§ TASK INSTRUCTIONS
Give again, word for word, every line in the entries below from the line with "Vw t-roc lift" up to and including the line with "Apartamento à venda", and no other line.

---------- PROVIDED INFORMATION ----------

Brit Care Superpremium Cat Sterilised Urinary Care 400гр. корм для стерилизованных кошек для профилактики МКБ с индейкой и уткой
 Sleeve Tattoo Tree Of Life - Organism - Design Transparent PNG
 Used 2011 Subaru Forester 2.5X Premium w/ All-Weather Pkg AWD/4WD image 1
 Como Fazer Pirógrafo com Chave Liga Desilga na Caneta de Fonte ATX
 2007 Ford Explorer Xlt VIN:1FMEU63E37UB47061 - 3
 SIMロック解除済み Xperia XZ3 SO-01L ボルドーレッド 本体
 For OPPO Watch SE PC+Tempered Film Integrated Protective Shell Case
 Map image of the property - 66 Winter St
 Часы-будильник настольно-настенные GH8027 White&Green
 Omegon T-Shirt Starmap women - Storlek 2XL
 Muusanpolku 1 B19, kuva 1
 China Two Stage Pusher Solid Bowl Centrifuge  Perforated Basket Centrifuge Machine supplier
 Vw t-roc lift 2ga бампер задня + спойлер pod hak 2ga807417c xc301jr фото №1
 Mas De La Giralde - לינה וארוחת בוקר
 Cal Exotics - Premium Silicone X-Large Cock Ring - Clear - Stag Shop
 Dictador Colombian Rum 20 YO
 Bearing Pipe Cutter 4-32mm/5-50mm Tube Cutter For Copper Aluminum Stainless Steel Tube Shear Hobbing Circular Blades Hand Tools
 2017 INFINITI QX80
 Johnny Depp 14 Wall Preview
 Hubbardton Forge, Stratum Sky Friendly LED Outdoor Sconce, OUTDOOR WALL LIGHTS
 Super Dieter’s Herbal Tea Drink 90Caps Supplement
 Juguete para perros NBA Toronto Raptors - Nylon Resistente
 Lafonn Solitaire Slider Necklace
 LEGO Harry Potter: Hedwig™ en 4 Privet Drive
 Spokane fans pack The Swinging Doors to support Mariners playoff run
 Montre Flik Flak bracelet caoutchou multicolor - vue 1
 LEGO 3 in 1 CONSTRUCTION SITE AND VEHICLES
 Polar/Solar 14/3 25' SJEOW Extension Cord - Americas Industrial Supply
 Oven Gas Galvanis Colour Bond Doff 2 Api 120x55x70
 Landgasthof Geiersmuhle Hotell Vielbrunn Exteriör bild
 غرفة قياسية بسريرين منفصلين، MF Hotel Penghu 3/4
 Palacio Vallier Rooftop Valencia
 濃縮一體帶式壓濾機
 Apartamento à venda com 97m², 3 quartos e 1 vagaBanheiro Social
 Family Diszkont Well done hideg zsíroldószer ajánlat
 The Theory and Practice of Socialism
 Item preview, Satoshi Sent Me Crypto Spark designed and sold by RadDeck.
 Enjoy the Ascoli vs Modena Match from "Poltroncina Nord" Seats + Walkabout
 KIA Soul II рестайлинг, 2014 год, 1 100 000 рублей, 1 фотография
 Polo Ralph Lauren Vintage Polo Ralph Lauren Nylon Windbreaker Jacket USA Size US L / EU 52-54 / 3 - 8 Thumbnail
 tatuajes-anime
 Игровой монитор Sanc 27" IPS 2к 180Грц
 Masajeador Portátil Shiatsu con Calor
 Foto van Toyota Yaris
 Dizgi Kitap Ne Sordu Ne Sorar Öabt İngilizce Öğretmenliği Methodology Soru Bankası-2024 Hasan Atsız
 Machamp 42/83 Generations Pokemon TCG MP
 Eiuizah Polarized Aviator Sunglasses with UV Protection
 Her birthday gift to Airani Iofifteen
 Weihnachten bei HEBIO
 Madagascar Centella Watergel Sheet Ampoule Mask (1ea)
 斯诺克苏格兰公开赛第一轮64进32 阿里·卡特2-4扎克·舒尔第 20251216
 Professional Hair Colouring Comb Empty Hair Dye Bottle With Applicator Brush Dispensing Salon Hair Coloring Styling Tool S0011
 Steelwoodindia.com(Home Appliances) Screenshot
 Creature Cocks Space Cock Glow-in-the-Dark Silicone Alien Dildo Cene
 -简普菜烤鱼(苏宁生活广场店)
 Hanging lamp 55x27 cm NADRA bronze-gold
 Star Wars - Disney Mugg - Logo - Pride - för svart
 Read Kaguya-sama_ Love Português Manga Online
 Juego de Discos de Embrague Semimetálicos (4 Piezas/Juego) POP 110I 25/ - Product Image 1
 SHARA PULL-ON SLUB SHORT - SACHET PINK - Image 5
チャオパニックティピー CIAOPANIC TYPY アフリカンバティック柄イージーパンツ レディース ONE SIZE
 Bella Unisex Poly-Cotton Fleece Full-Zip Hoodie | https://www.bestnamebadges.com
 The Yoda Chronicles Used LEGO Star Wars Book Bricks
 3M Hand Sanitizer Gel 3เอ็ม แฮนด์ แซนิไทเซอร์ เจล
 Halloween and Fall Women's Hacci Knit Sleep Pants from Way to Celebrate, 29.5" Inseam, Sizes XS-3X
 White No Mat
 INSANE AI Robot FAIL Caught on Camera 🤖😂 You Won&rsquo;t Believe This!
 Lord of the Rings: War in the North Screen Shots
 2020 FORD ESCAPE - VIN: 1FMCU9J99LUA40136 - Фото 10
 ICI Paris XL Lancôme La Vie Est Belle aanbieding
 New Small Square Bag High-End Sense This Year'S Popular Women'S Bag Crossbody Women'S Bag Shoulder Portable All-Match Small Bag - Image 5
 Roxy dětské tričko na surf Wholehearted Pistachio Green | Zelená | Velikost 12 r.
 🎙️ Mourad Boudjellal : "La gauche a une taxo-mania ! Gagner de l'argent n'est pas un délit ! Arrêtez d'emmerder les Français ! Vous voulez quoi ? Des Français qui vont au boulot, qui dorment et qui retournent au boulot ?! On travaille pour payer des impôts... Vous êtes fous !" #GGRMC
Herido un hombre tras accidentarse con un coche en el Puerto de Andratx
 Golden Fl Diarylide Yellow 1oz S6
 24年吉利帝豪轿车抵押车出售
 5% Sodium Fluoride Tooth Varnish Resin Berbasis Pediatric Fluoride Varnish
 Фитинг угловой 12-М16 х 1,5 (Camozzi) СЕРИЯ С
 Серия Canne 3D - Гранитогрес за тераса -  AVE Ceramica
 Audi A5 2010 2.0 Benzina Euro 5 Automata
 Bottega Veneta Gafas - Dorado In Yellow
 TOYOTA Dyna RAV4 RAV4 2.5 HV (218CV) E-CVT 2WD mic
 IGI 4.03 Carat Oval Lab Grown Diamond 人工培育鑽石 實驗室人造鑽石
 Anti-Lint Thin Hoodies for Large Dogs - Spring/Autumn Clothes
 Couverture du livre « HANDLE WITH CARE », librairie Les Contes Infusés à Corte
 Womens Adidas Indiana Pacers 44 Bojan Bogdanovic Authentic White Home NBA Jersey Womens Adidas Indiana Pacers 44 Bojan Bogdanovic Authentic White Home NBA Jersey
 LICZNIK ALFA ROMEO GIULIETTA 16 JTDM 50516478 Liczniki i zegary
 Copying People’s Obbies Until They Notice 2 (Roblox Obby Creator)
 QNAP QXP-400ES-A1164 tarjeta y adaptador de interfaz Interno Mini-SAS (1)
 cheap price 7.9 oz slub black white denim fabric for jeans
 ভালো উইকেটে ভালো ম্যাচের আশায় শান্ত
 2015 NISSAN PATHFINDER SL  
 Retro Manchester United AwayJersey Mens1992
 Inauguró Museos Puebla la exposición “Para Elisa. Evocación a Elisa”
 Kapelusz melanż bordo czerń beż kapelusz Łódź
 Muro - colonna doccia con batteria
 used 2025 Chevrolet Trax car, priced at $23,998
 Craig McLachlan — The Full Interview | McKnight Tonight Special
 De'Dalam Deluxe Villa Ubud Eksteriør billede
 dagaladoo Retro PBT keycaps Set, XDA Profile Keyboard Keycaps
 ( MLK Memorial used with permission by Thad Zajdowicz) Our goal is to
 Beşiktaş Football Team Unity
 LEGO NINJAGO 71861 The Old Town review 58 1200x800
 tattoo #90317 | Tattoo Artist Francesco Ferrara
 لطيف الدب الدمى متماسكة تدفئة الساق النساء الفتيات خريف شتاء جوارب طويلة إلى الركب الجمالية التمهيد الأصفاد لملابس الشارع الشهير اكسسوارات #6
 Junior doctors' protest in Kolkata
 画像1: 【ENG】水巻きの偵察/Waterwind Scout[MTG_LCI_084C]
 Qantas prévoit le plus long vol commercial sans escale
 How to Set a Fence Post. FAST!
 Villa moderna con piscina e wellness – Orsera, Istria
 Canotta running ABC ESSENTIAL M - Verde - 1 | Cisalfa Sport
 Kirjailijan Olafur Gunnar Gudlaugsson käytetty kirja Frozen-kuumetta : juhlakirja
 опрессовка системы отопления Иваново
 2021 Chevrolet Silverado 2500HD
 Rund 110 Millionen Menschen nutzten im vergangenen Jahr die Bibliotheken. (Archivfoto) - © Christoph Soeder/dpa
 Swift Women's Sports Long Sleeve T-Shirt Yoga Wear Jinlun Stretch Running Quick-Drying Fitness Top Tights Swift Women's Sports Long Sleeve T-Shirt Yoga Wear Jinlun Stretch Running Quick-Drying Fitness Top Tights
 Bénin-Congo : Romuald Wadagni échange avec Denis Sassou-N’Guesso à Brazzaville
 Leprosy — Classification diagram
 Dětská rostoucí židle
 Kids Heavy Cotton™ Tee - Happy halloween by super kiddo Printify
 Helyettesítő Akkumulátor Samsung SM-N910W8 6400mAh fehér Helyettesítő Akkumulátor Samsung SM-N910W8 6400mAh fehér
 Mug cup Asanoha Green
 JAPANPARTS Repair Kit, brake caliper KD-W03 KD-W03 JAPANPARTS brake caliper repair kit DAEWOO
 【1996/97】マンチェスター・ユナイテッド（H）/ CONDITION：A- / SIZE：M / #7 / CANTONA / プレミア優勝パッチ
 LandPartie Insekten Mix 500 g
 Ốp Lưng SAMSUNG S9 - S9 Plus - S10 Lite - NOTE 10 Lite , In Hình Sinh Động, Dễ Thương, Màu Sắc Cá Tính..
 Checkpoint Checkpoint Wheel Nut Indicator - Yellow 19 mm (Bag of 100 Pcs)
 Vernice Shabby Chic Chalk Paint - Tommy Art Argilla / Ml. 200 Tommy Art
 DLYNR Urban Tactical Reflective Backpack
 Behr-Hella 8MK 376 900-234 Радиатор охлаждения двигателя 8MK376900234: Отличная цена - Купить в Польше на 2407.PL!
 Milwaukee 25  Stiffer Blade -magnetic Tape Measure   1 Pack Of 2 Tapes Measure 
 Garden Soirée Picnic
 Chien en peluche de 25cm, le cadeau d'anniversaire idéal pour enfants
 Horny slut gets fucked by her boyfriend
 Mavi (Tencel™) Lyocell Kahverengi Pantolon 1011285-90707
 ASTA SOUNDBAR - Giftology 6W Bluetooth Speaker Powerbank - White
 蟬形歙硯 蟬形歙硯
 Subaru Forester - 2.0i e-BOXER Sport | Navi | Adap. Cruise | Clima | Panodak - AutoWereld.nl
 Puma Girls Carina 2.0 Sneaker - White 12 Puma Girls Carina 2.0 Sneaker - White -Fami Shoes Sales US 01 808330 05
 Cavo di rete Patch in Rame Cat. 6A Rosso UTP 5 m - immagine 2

----------

§ RESULT FOR THIS EXERCISE
 Vw t-roc lift 2ga бампер задня + спойлер pod hak 2ga807417c xc301jr фото №1
 Mas De La Giralde - לינה וארוחת בוקר
 Cal Exotics - Premium Silicone X-Large Cock Ring - Clear - Stag Shop
 Dictador Colombian Rum 20 YO
 Bearing Pipe Cutter 4-32mm/5-50mm Tube Cutter For Copper Aluminum Stainless Steel Tube Shear Hobbing Circular Blades Hand Tools
 2017 INFINITI QX80
 Johnny Depp 14 Wall Preview
 Hubbardton Forge, Stratum Sky Friendly LED Outdoor Sconce, OUTDOOR WALL LIGHTS
 Super Dieter’s Herbal Tea Drink 90Caps Supplement
 Juguete para perros NBA Toronto Raptors - Nylon Resistente
 Lafonn Solitaire Slider Necklace
 LEGO Harry Potter: Hedwig™ en 4 Privet Drive
 Spokane fans pack The Swinging Doors to support Mariners playoff run
 Montre Flik Flak bracelet caoutchou multicolor - vue 1
 LEGO 3 in 1 CONSTRUCTION SITE AND VEHICLES
 Polar/Solar 14/3 25' SJEOW Extension Cord - Americas Industrial Supply
 Oven Gas Galvanis Colour Bond Doff 2 Api 120x55x70
 Landgasthof Geiersmuhle Hotell Vielbrunn Exteriör bild
 غرفة قياسية بسريرين منفصلين، MF Hotel Penghu 3/4
 Palacio Vallier Rooftop Valencia
 濃縮一體帶式壓濾機
 Apartamento à venda com 97m², 3 quartos e 1 vagaBanheiro Social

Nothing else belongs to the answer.